• Source data:

- - -

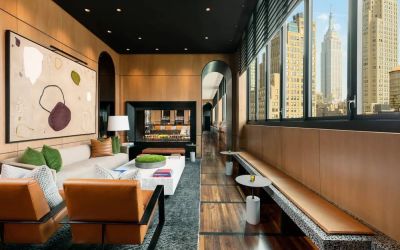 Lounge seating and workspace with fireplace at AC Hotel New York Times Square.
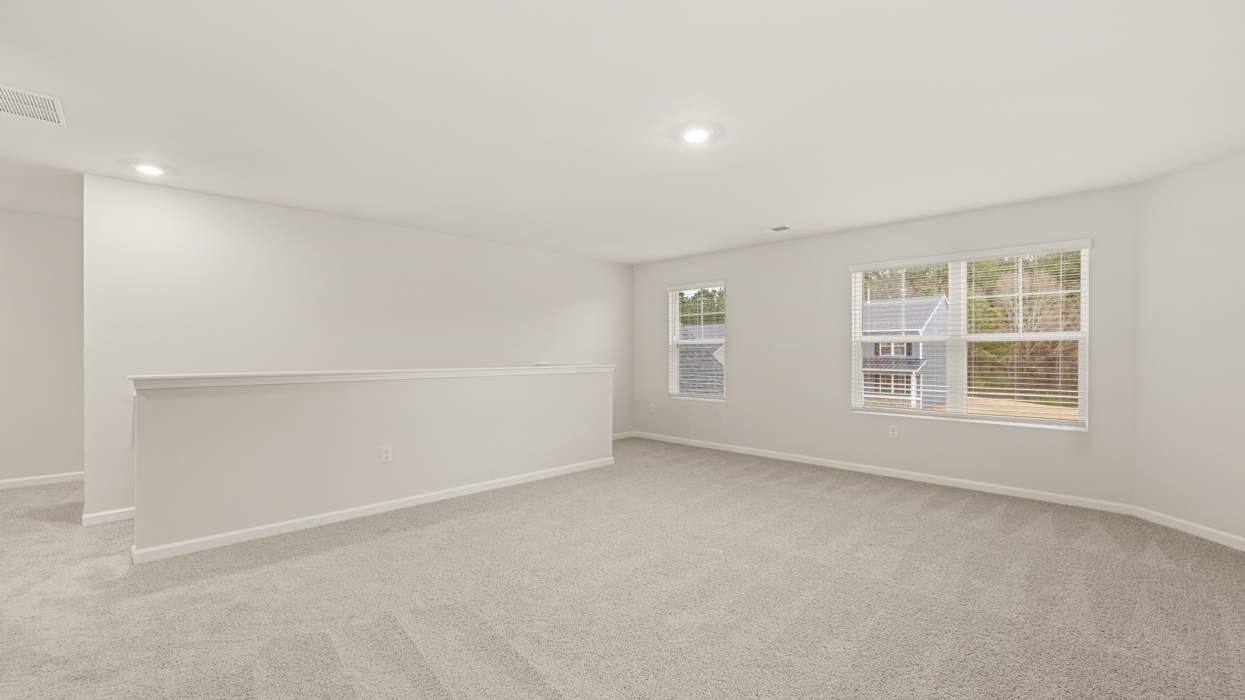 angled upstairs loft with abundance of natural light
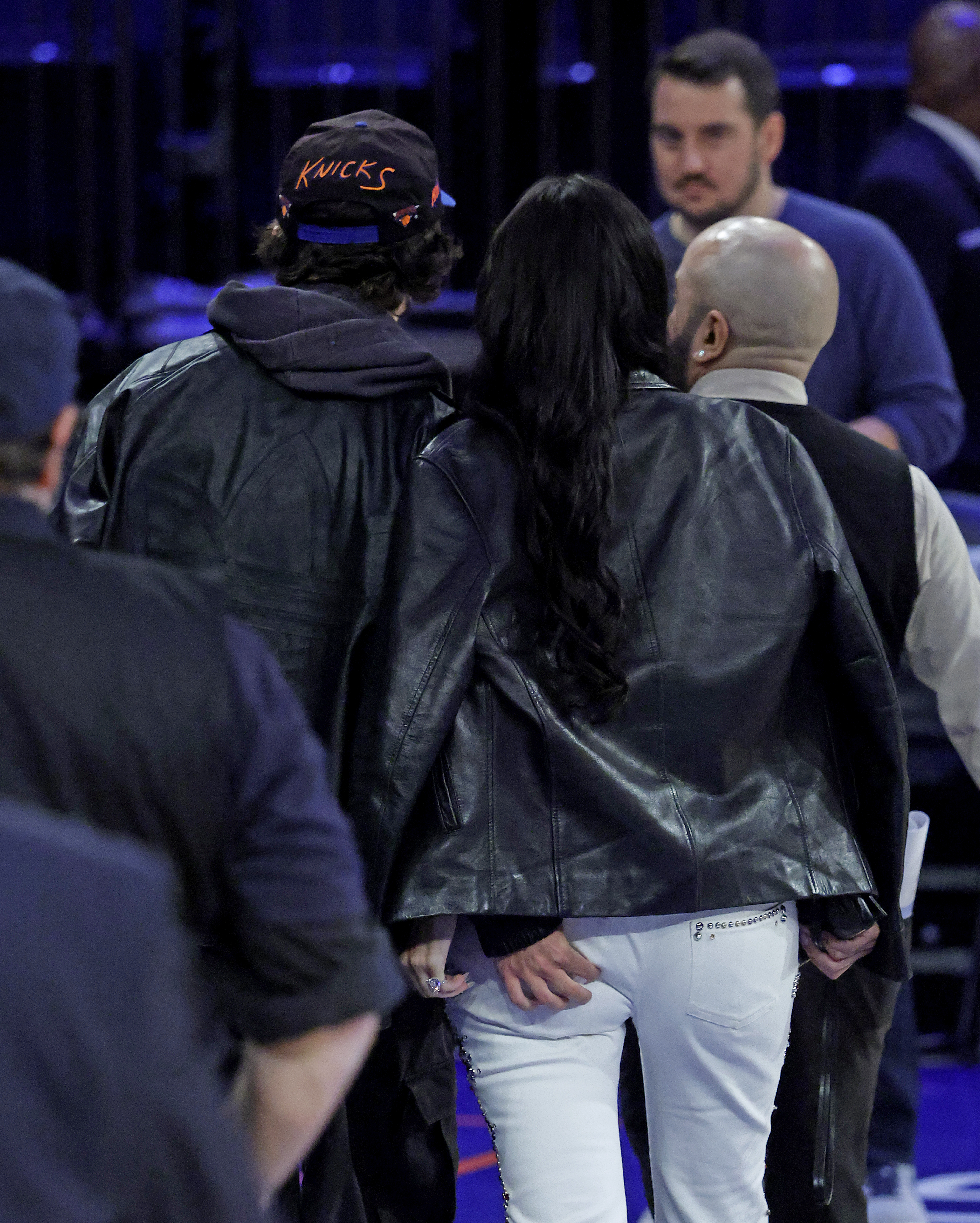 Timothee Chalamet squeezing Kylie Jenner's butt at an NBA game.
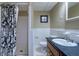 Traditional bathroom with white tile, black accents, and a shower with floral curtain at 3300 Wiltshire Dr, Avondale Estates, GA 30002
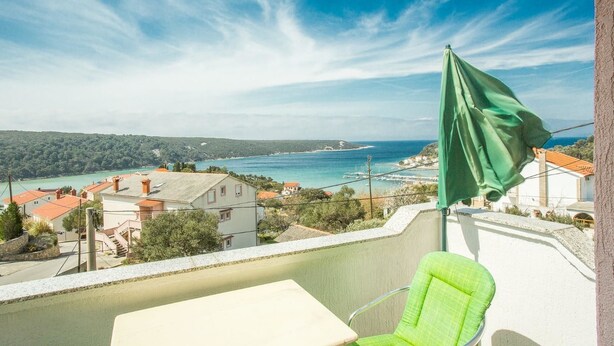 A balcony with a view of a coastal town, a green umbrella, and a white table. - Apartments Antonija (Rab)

- - -

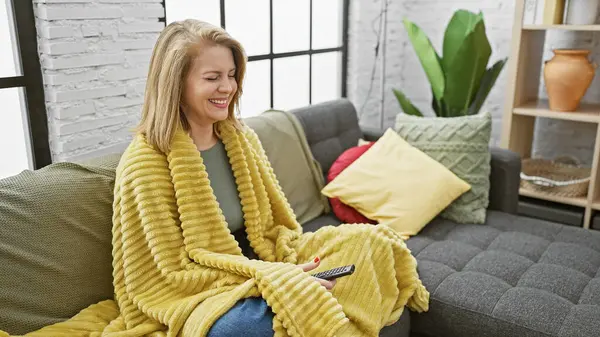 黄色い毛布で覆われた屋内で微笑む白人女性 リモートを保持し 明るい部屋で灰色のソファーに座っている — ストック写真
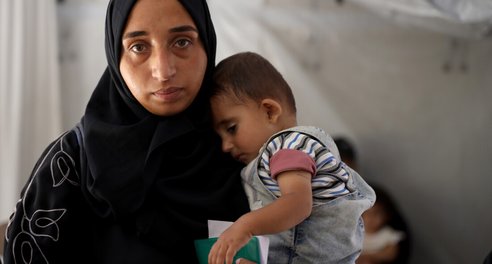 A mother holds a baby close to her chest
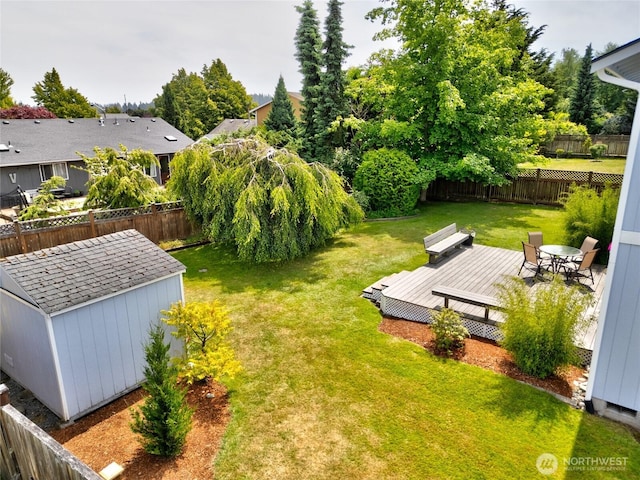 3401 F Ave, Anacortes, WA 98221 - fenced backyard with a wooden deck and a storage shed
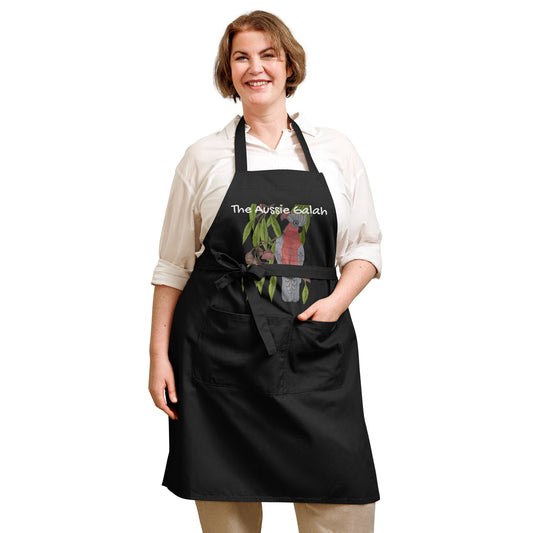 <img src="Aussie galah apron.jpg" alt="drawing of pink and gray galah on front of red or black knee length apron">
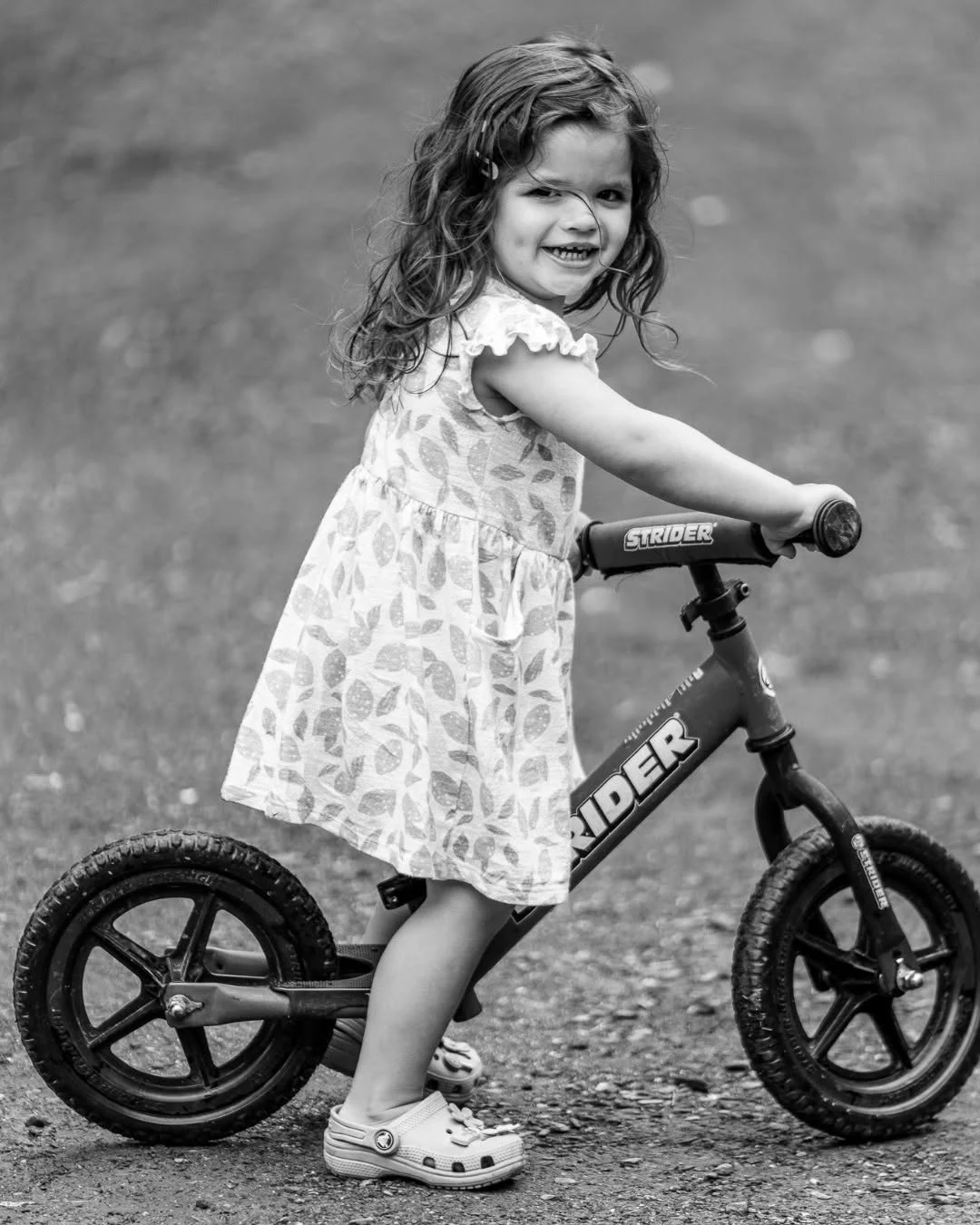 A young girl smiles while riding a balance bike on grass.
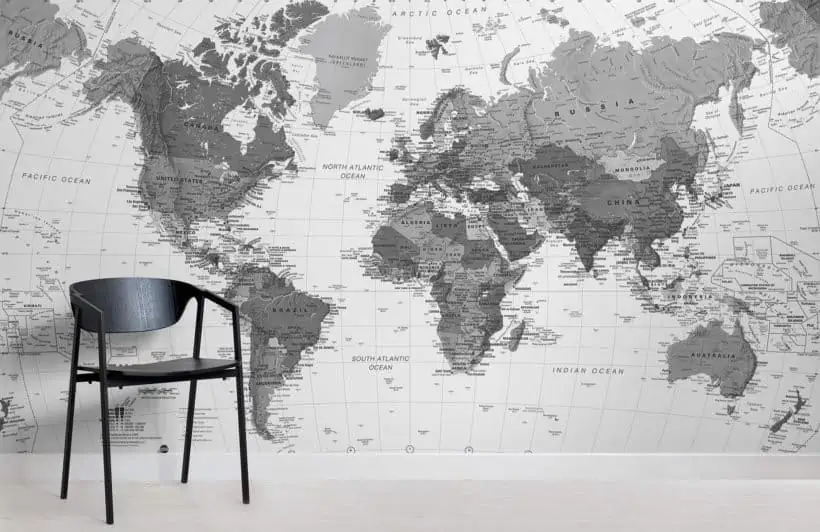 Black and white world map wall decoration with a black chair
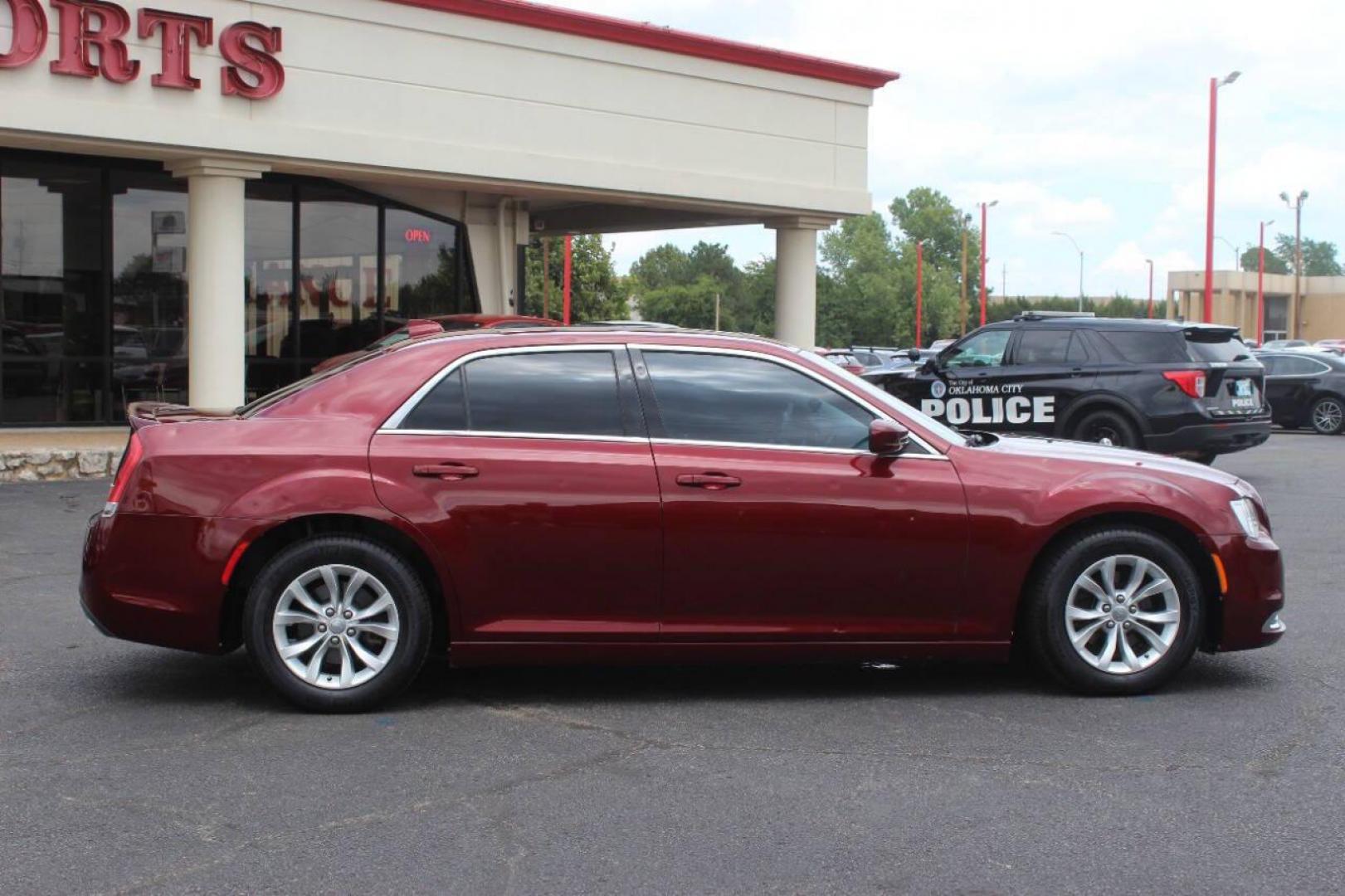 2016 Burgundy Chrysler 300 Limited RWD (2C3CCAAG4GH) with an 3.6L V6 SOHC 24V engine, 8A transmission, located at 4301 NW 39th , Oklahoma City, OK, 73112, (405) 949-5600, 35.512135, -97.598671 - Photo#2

- - -

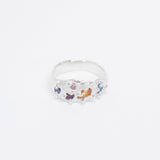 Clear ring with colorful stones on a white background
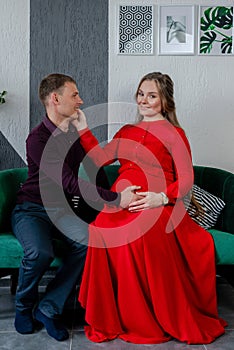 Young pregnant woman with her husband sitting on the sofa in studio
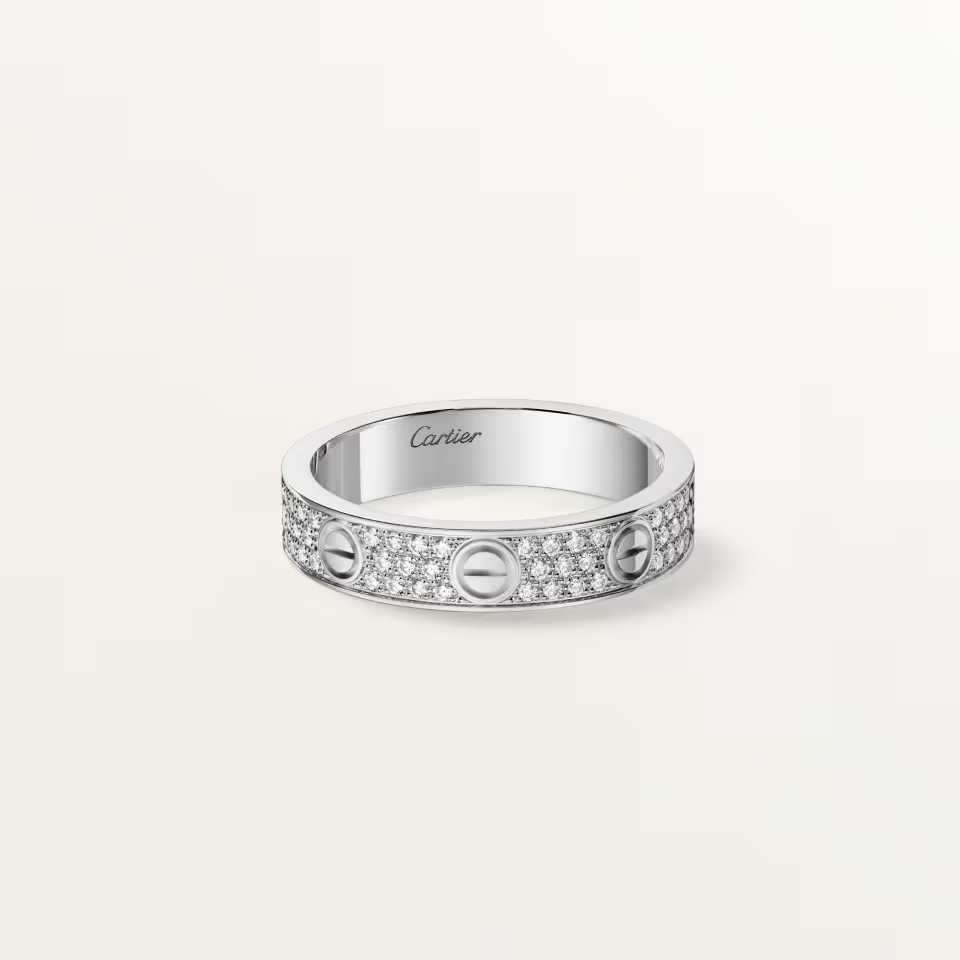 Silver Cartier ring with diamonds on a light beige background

- - -

• Work to be completed:
Among the entries above, find the line with "Lounge seating and" and repeat exactly from there through the line with "Timothee Chalamet squeezing", leaving out the pictures.

• Response for this exercise:
 Lounge seating and workspace with fireplace at AC Hotel New York Times Square.
 angled upstairs loft with abundance of natural light
 Timothee Chalamet squeezing Kylie Jenner's butt at an NBA game.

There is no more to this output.